=== WORK TASK ===
Your task is to repeat the entries below exactly and to leave their images out.

=== SOURCE DATA ===

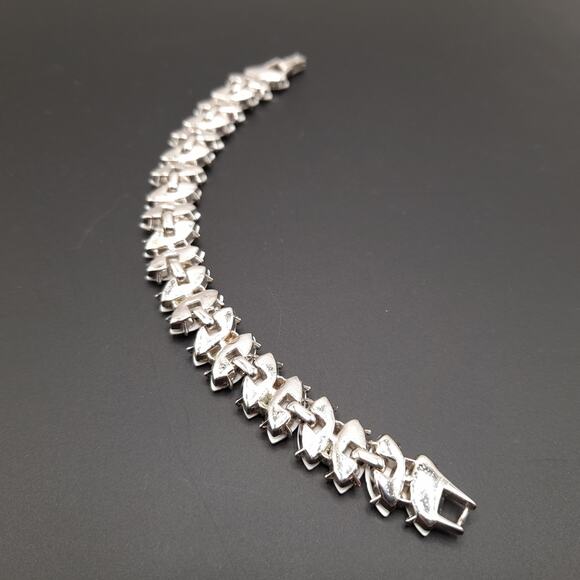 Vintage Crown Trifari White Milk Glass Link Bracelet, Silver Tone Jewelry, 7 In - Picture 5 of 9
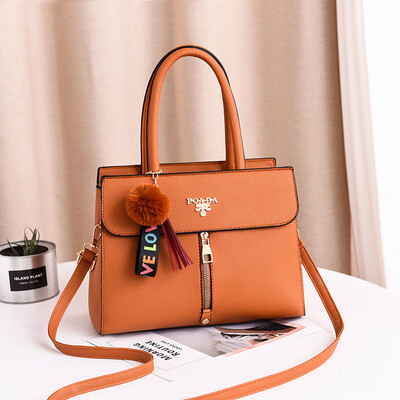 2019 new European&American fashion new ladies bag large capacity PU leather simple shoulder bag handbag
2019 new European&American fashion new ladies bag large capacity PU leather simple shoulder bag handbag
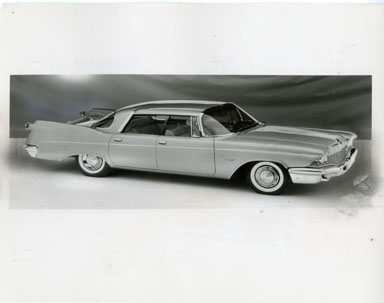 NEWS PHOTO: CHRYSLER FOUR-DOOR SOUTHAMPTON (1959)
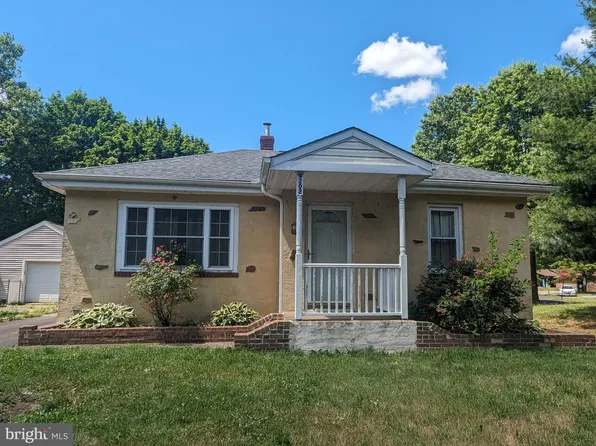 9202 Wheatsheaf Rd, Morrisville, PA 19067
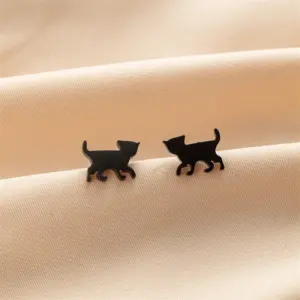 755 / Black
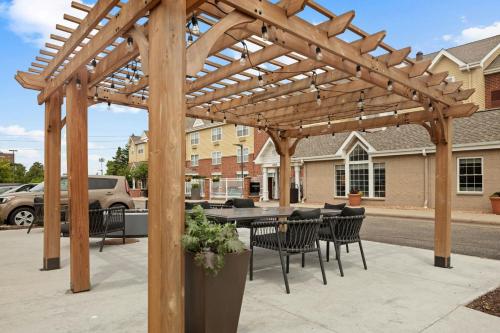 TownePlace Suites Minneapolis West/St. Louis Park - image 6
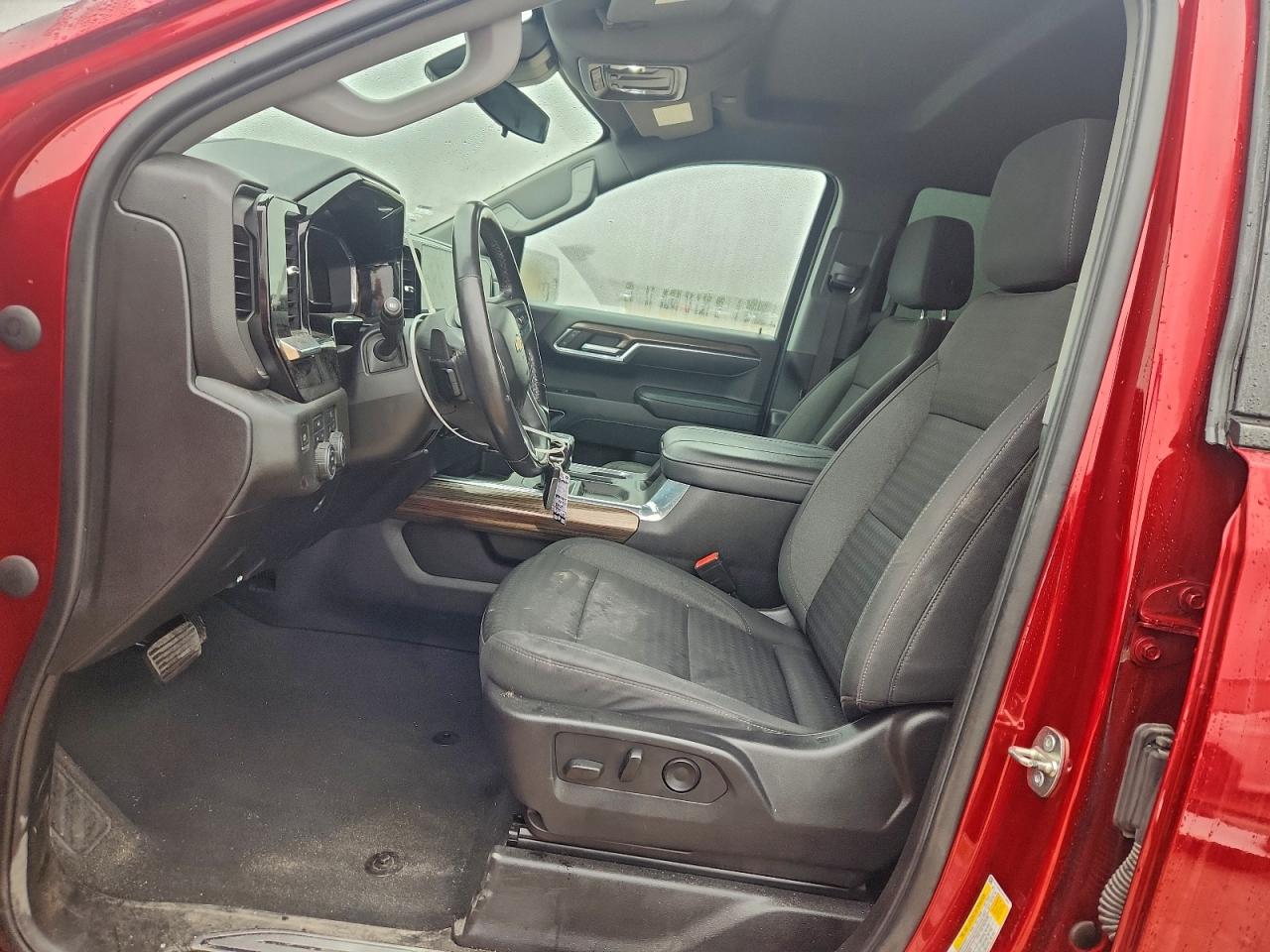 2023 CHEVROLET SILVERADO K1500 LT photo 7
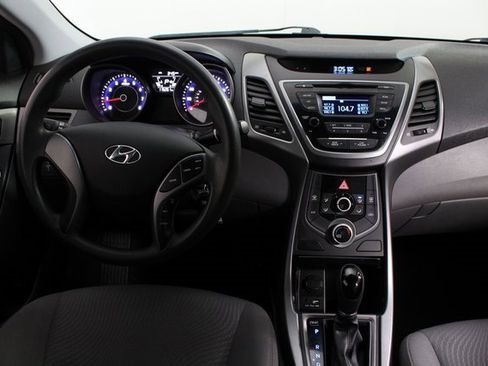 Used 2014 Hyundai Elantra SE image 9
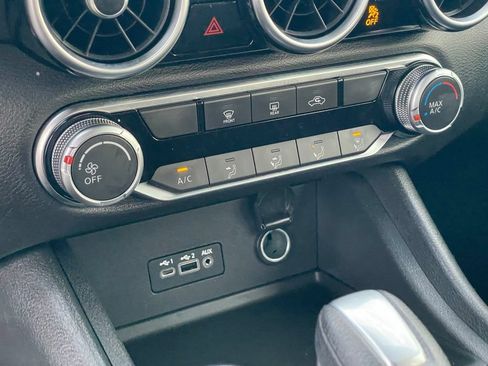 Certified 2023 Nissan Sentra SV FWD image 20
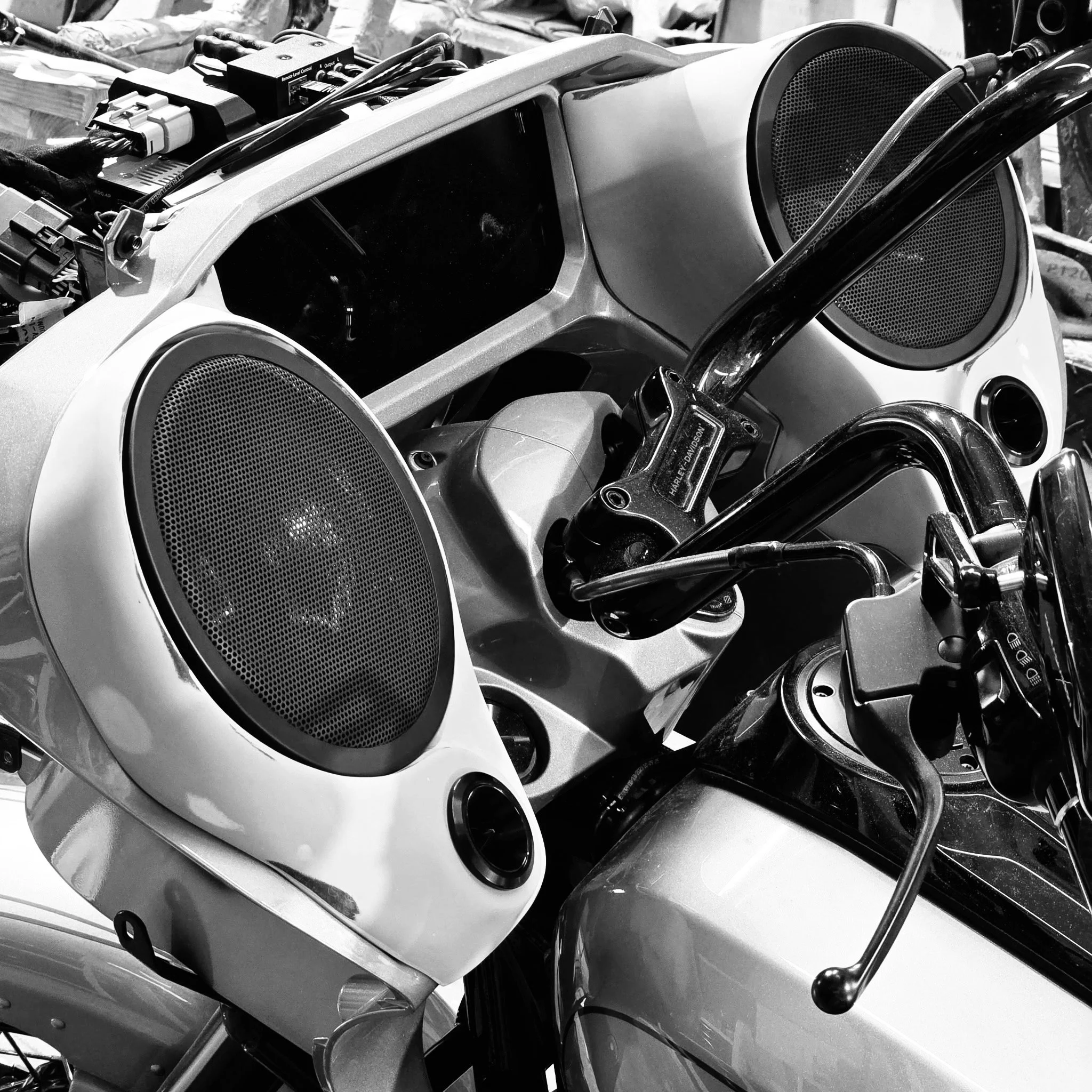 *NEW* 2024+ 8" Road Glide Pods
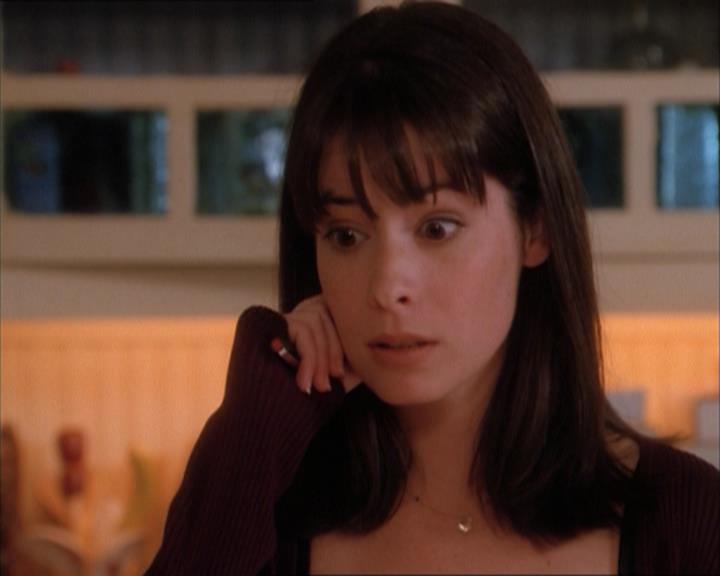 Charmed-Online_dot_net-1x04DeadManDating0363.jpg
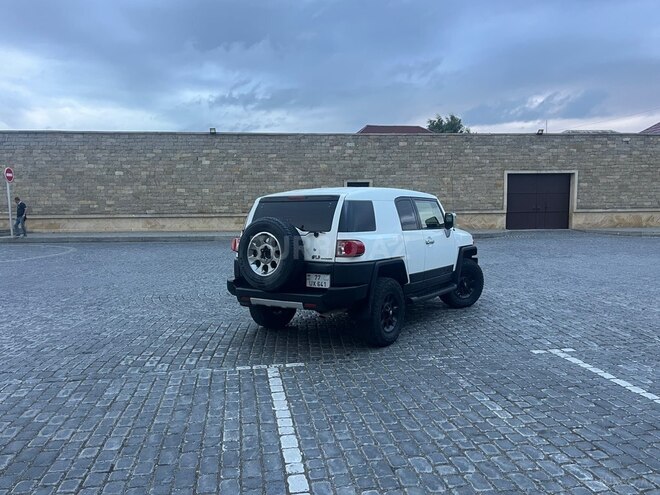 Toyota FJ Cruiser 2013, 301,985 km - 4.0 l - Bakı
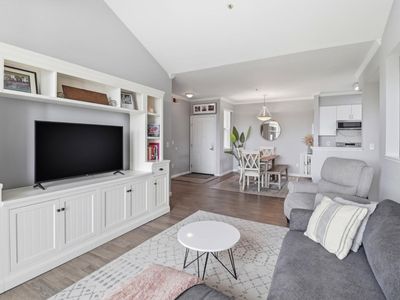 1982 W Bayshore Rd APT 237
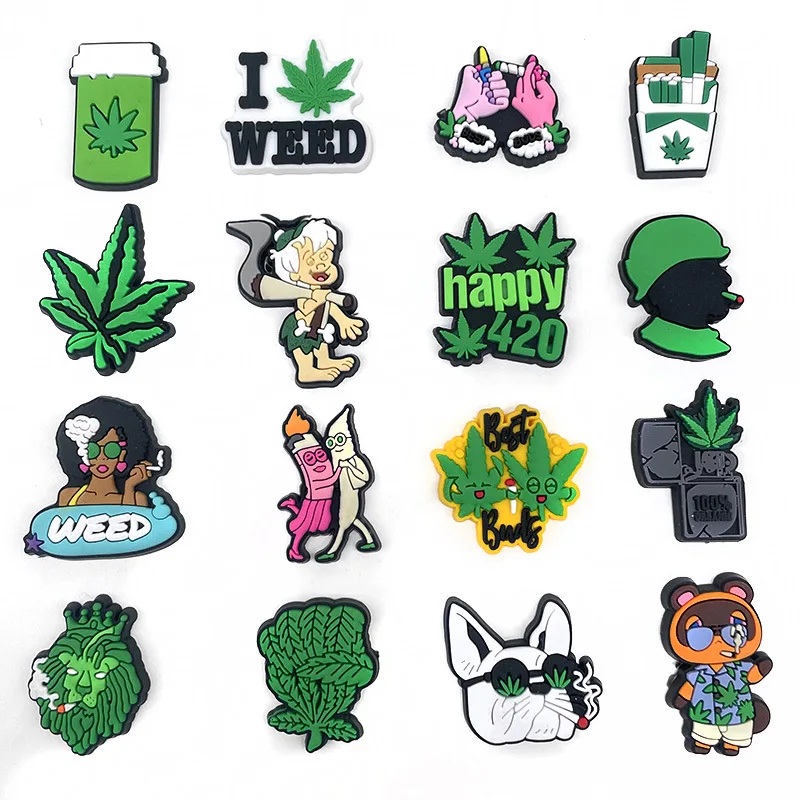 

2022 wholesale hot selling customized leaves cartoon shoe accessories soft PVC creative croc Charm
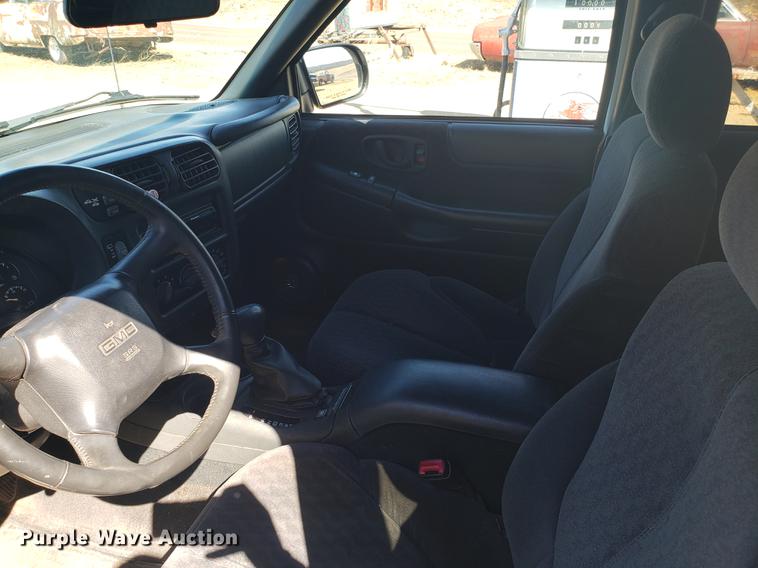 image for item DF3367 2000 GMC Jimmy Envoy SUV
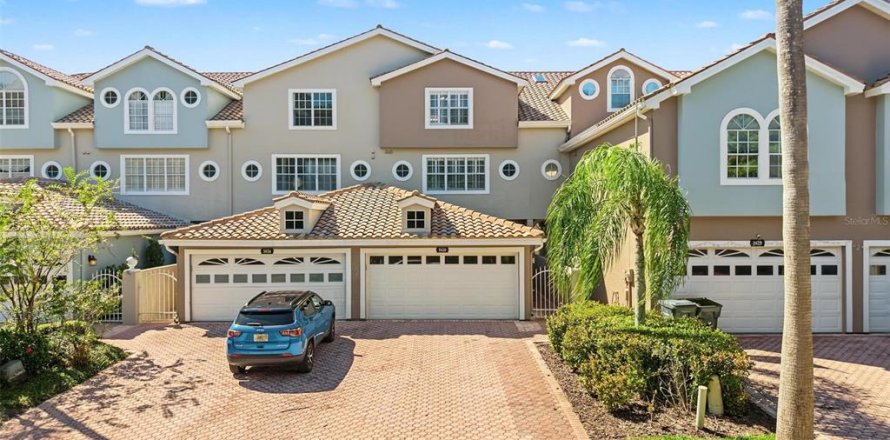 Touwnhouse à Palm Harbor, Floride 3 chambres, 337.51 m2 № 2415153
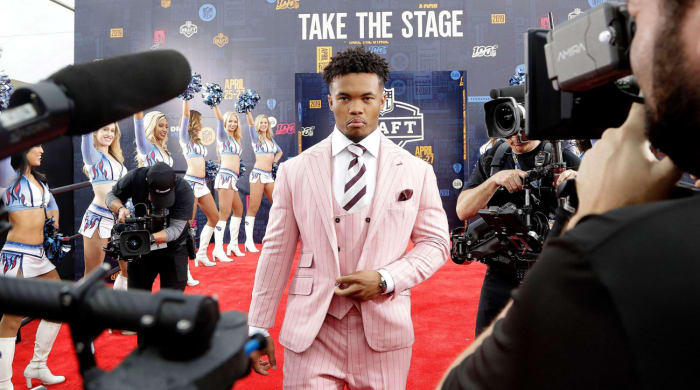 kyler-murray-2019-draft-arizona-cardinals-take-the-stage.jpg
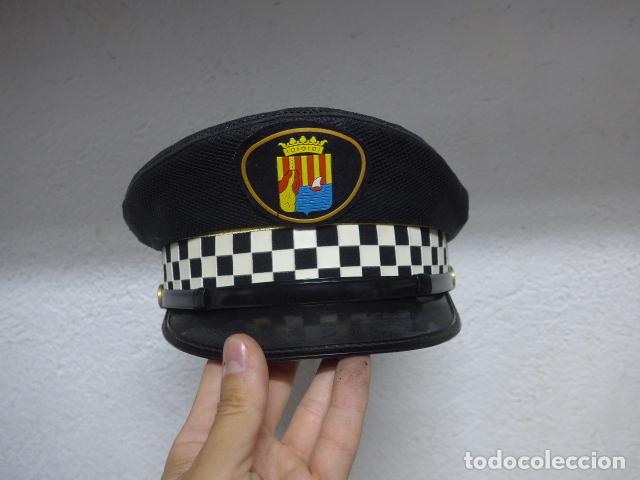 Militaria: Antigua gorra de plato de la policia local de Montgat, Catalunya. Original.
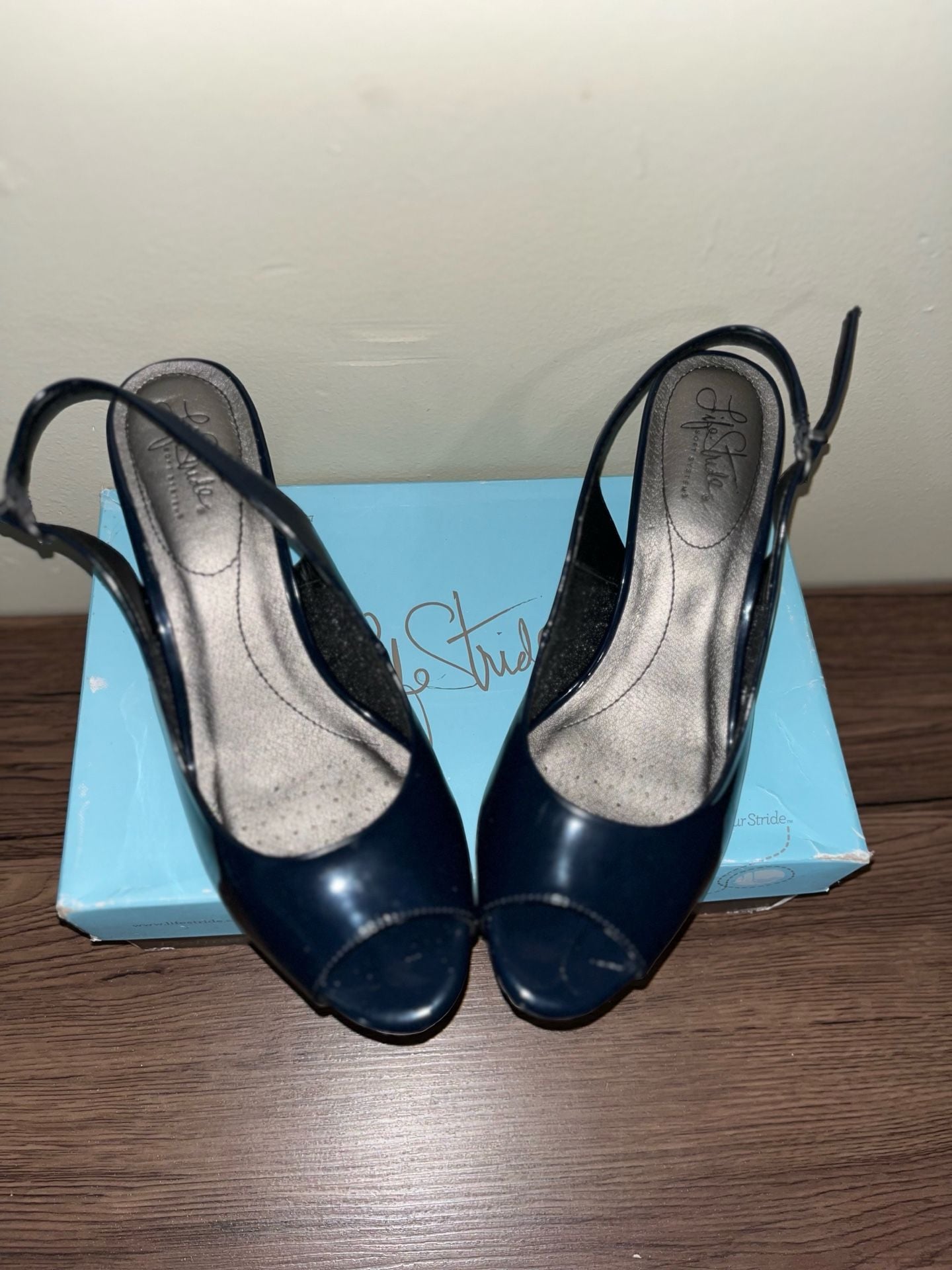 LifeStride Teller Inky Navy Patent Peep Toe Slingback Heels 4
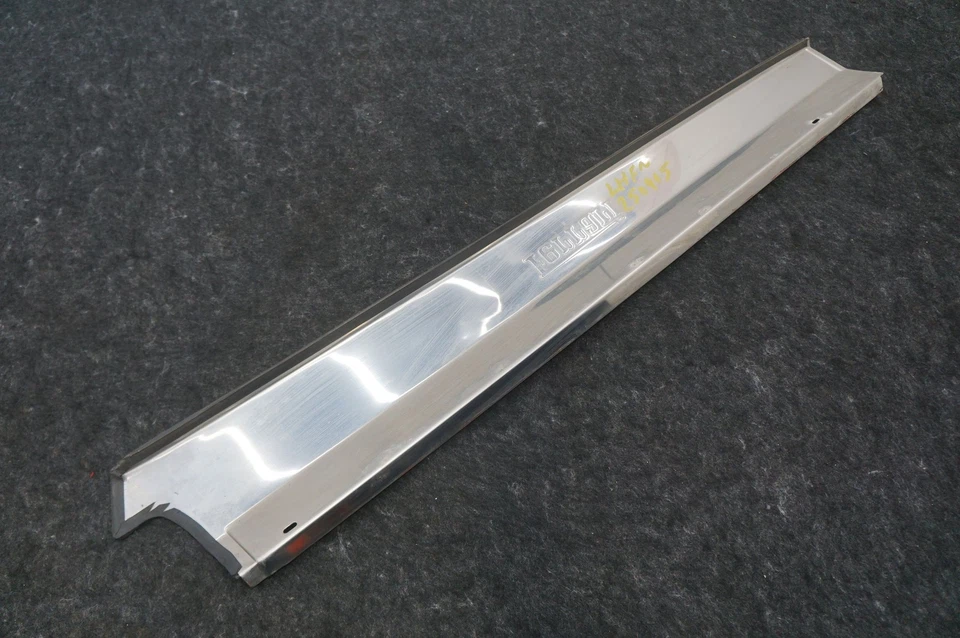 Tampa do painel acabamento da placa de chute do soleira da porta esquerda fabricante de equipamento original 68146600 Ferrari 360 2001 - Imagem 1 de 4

=== RESULT FOR THIS EXERCISE ===
 Vintage Crown Trifari White Milk Glass Link Bracelet, Silver Tone Jewelry, 7 In - Picture 5 of 9
 2019 new European&American fashion new ladies bag large capacity PU leather simple shoulder bag handbag
2019 new European&American fashion new ladies bag large capacity PU leather simple shoulder bag handbag
 NEWS PHOTO: CHRYSLER FOUR-DOOR SOUTHAMPTON (1959)
 9202 Wheatsheaf Rd, Morrisville, PA 19067
 755 / Black
 TownePlace Suites Minneapolis West/St. Louis Park - image 6
 2023 CHEVROLET SILVERADO K1500 LT photo 7
 Used 2014 Hyundai Elantra SE image 9
 Certified 2023 Nissan Sentra SV FWD image 20
 *NEW* 2024+ 8" Road Glide Pods
 Charmed-Online_dot_net-1x04DeadManDating0363.jpg
 Toyota FJ Cruiser 2013, 301,985 km - 4.0 l - Bakı
 1982 W Bayshore Rd APT 237

2022 wholesale hot selling customized leaves cartoon shoe accessories soft PVC creative croc Charm
 image for item DF3367 2000 GMC Jimmy Envoy SUV
 Touwnhouse à Palm Harbor, Floride 3 chambres, 337.51 m2 № 2415153
 kyler-murray-2019-draft-arizona-cardinals-take-the-stage.jpg
 Militaria: Antigua gorra de plato de la policia local de Montgat, Catalunya. Original.
 LifeStride Teller Inky Navy Patent Peep Toe Slingback Heels 4
 Tampa do painel acabamento da placa de chute do soleira da porta esquerda fabricante de equipamento original 68146600 Ferrari 360 2001 - Imagem 1 de 4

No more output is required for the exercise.